Non-entropic
I took an errands-walk this morning, mostly dealing with the logistics of the myriad bits of paper involved in graduate school applications (yes, even when submitting most of them on-line.) On my way from the Registrar’s to the post office, I crossed paths with one of my old professors.
That description is a bit of understatement. His was the first classroom I entered in my undergraduate career, first semester, first year, more than twelve years ago now. I hadn’t even seated myself when he had me pegged: “It’s [pjm], the only person in the entering class to have a high school named after him.” We discovered later that he was known for, among other things, memorizing the facebook for each incoming class, and not forgetting for years afterward. I had two more classes with him before graduating, so even now, there’s no chance of passing him on the street unrecognized.
He quizzed me briefly about what I was up to, (“What brings you to this spot, right now,”) noted another former student supposedly teaching in one of the departments I am applying to, then sent me on my way saying, “It’s good to see you, you never change.”

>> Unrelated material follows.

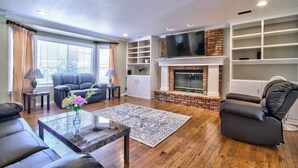 A living room with a fireplace, leather sofas, a coffee table, and a TV. - Rancho Vista Estate on 3 acre, Private grapevines (Temecula)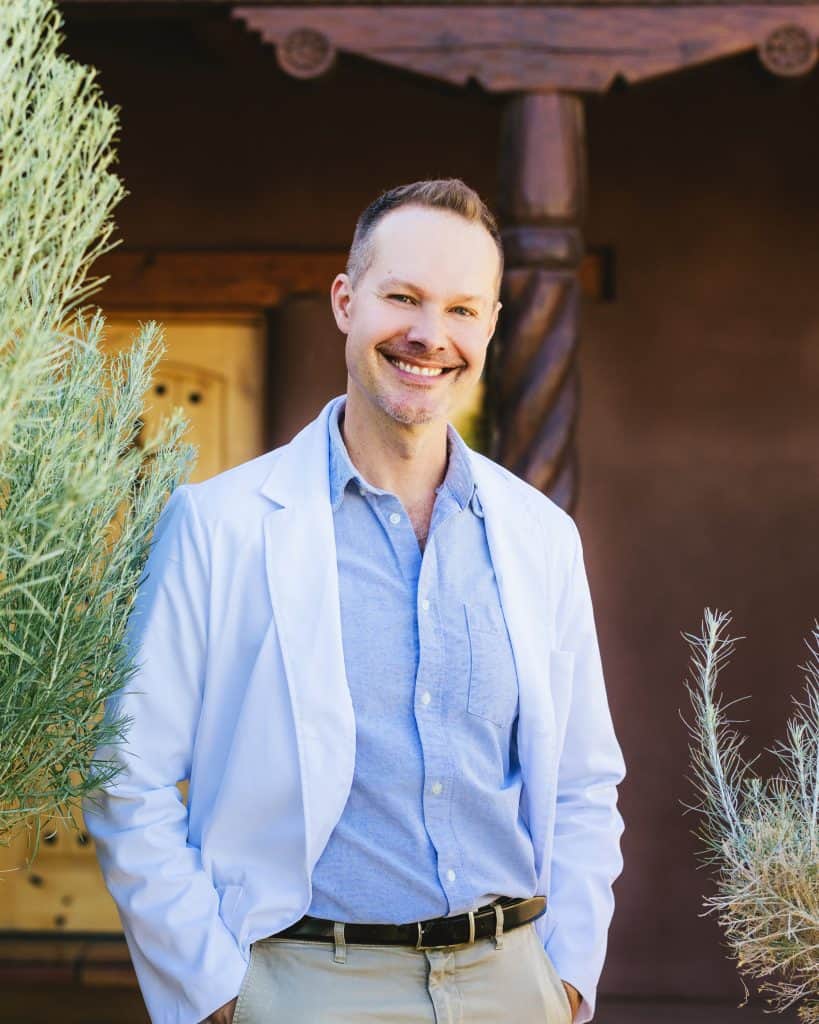 Man in white lab coat outside Golden Crane Acupuncture, representing quality acupuncture care in Las Cruces, NM.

That puzzled me most of the way to the post office. It’s entirely likely that he was talking about my physical appearance, since I could still pass for an undergraduate if I wanted to, despite my advanced age. Beyond that, I wonder what he sees that I don’t.
Now Playing: Not The Same from Where You Been by Dinosaur Jr
Comments
it’s always strange when someone you haven’t seen in ages makes a general statement about you. on one hand, you can tell him to shove it (in your head, of course) because he doesn’t really know you so how would he know if you’ve changed or not? on the other hand, maybe because he doesn’t really know you nor does he see you every day, a deep statement as such has some truth to it. or maybe he’s just into shock factor, like remembering people’s names and faces years afterwards. maybe it’s just his shtick.
do you feel like you’ve changed? can you look down that path of your life, that brought you to right here and now, and see a change? i bet you can. so there you go.